Today marks 4 years of remission. I was diagnosed with Hodgkin's Lymphoma on February 2, 2011 and was declared cancer-free on January 4, 2012. Today I can exhale just a tiny bit more.
In the last 4 years I have learned that cancer will be a factor in my life for the rest of my life. It will never be something that I don't think about and carry with me. The fear of the cancer coming back or being diagnosed with a secondary cancer will always be in the back of my mind. I know the statistics by heart. I can recite my risk factors like they are written on the back of my hand. But I do my best live my life beyond these numbers. To live with the hope that my story can be different. That hope gives me peace which I cling to.
I have tried to ensure the fact that I am a cancer survivor does not define me but being realistic it will forever be a part of who I am. And I find my battle now is keeping my fear in check and live each day to the fullest - leaving as many pieces of me behind as I can for those that I love to carry with them no matter what happens.
I didn't realize that as a cancer survivor my journey just wasn't over once I heard those words, "cancer-free". Really, it was just the beginning of another part of my story and just like all stories there are certainly many ups and downs.
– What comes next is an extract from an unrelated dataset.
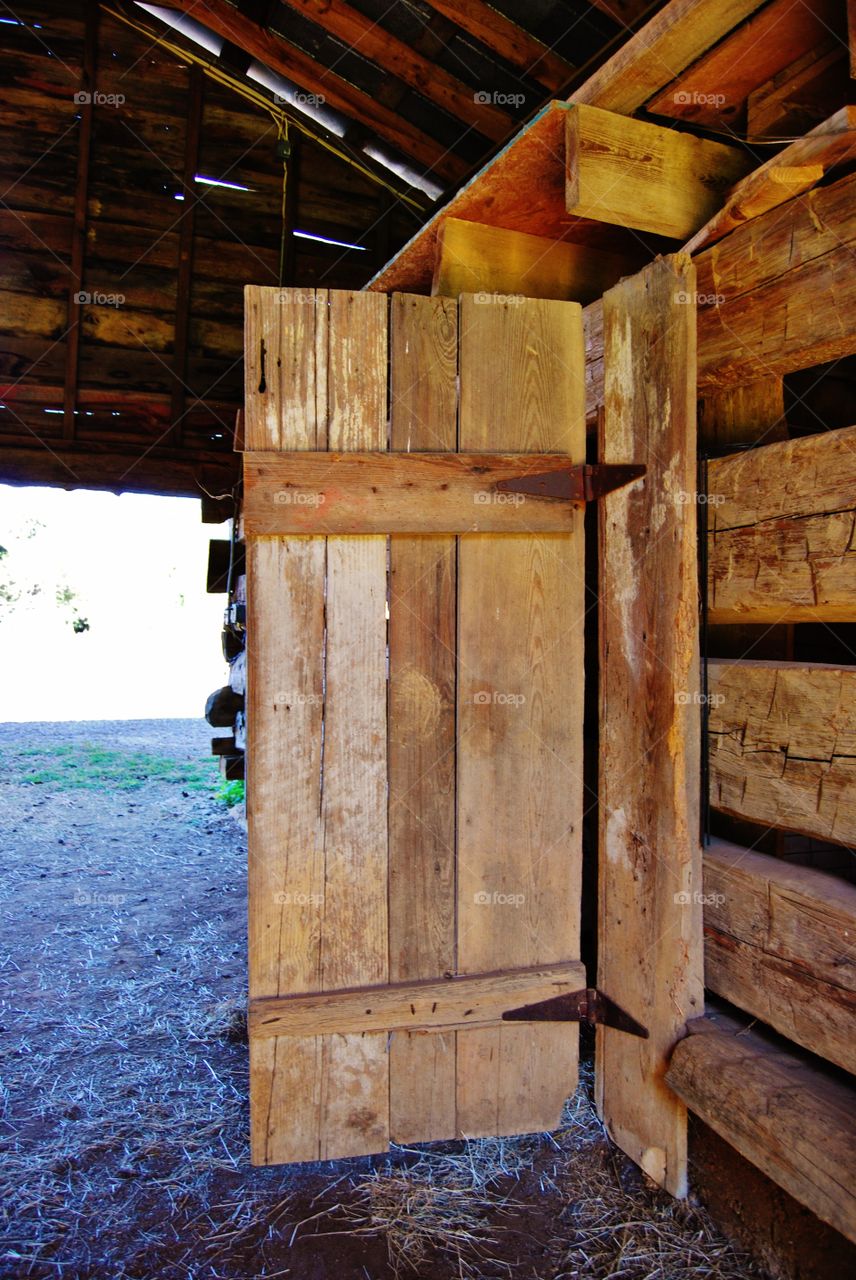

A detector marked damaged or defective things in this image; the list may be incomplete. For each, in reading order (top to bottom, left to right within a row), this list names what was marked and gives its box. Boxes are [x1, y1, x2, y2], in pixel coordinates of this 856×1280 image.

rusty metal hinge [493, 460, 639, 499]
splintered wood [243, 285, 583, 1167]
rusty metal hinge [501, 988, 647, 1039]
The last few months have been tough. 3 of my fellow cancer warrior sisters have passed away - all from cancer. Besides the heaviness in my heart for the friends and family members of these sweet ladies it just makes me swallow a little harder as a cancer survivor. Another cancer sister who passed a couple of years ago once told me that she just wanted to die from anything else but cancer. Unfortunately this didn't happen for her as she finally lost her battle to this terrible disease. At the time I was still in treatment and I didn't fully grasp where she was fully coming from. Now I do.
So today I rejoice and thank God from the depth of my soul for the last 4 years. My prayer is that I have many many more years of course. I want to know my children as adults. I want to see them live the beautiful lives that God has laid before them. I want to be their biggest fan and cheer them on in all that they choose to do. Regardless of how many years I am given I will do my best to cherish each and every moment as they are such a gift.